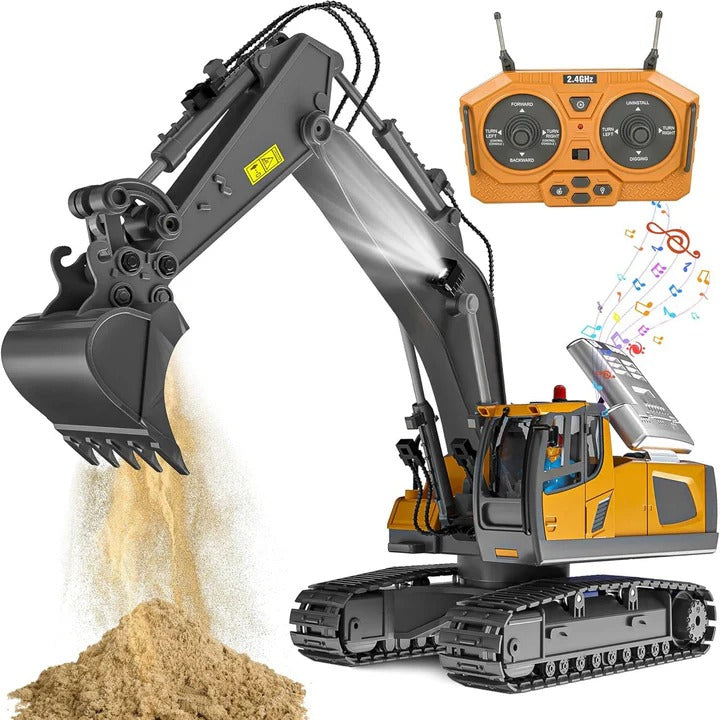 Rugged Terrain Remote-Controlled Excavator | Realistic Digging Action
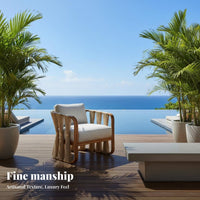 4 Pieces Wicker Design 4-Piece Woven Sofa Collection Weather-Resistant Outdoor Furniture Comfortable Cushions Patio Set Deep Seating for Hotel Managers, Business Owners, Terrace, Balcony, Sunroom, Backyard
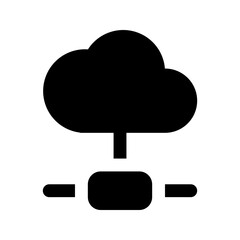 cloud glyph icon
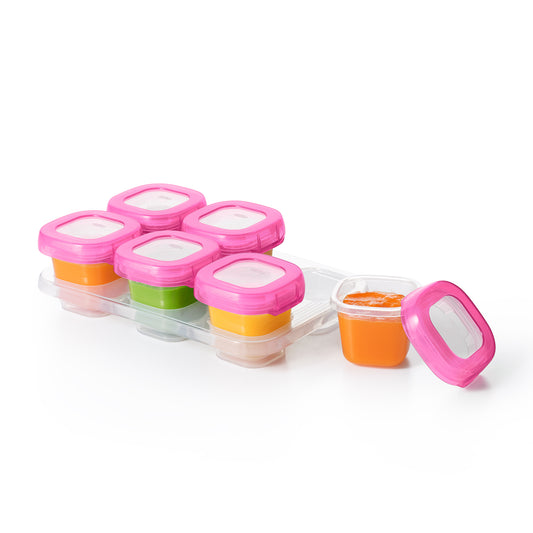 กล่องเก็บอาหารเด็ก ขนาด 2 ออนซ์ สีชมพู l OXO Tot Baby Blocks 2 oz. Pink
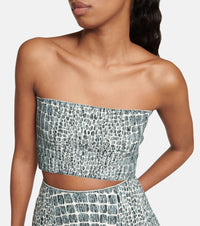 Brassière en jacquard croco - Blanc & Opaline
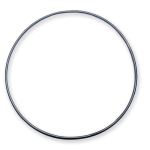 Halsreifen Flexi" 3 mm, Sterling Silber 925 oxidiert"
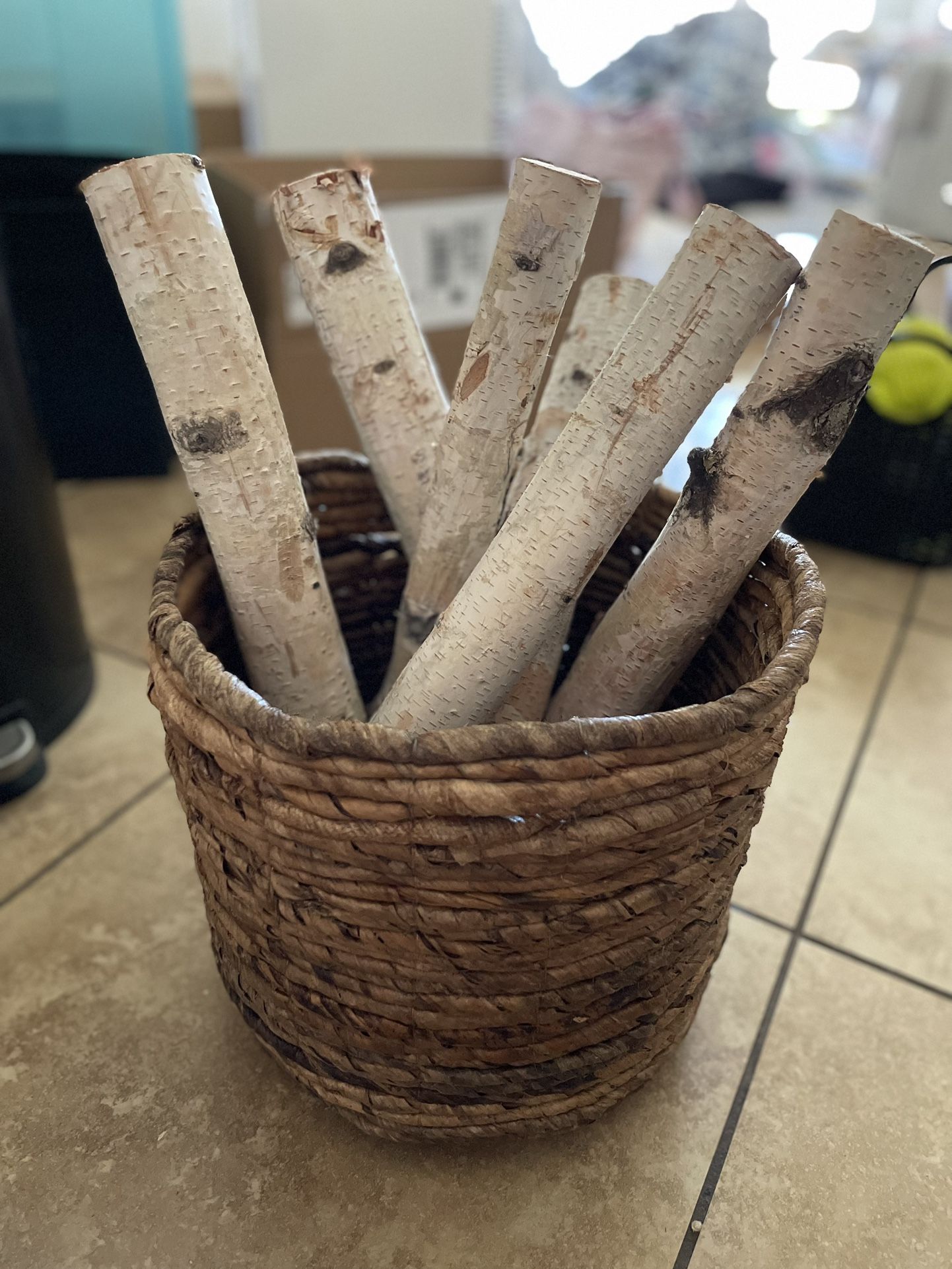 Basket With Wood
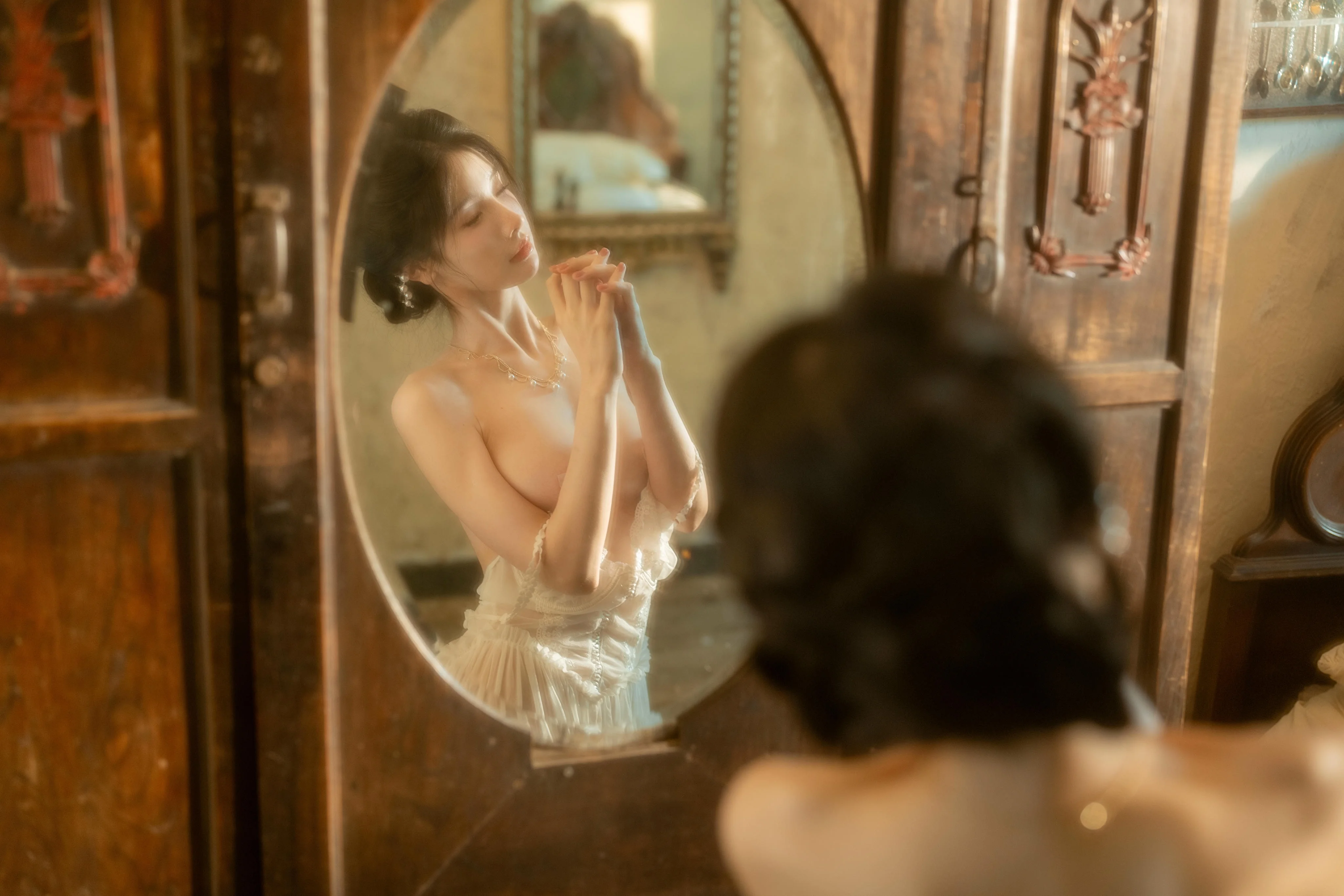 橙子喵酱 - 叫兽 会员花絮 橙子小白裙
..............................
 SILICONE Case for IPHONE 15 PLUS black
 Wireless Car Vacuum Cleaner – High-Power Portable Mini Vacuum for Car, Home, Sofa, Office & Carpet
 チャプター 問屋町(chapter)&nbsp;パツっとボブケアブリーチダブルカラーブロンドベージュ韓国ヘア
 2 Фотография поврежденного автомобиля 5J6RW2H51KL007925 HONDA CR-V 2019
..............................
Exercise description:
Look above for the line with "Rugged Terrain Remote-Controlled"; quote it and every line after it, stopping after the line with "3 mm, Sterling", exactly, with nothing added and without pictures.

Finished exercise:
 Rugged Terrain Remote-Controlled Excavator | Realistic Digging Action
 4 Pieces Wicker Design 4-Piece Woven Sofa Collection Weather-Resistant Outdoor Furniture Comfortable Cushions Patio Set Deep Seating for Hotel Managers, Business Owners, Terrace, Balcony, Sunroom, Backyard
 cloud glyph icon
 กล่องเก็บอาหารเด็ก ขนาด 2 ออนซ์ สีชมพู l OXO Tot Baby Blocks 2 oz. Pink
 Brassière en jacquard croco - Blanc & Opaline
 Halsreifen Flexi" 3 mm, Sterling Silber 925 oxidiert"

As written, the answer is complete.